→ Task requirements
Repeat each record word for word. Leave nothing out.

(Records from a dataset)
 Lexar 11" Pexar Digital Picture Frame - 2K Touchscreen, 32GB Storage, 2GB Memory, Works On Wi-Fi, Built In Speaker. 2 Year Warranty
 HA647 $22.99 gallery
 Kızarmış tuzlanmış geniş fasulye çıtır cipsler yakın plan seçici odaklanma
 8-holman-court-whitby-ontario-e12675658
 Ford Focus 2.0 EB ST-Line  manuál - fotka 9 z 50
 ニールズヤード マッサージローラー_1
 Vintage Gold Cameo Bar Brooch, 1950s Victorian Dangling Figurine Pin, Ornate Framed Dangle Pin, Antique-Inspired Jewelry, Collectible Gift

→ Solution for this exercise
 Lexar 11" Pexar Digital Picture Frame - 2K Touchscreen, 32GB Storage, 2GB Memory, Works On Wi-Fi, Built In Speaker. 2 Year Warranty
 HA647 $22.99 gallery
 Kızarmış tuzlanmış geniş fasulye çıtır cipsler yakın plan seçici odaklanma
 8-holman-court-whitby-ontario-e12675658
 Ford Focus 2.0 EB ST-Line  manuál - fotka 9 z 50
 ニールズヤード マッサージローラー_1
 Vintage Gold Cameo Bar Brooch, 1950s Victorian Dangling Figurine Pin, Ornate Framed Dangle Pin, Antique-Inspired Jewelry, Collectible Gift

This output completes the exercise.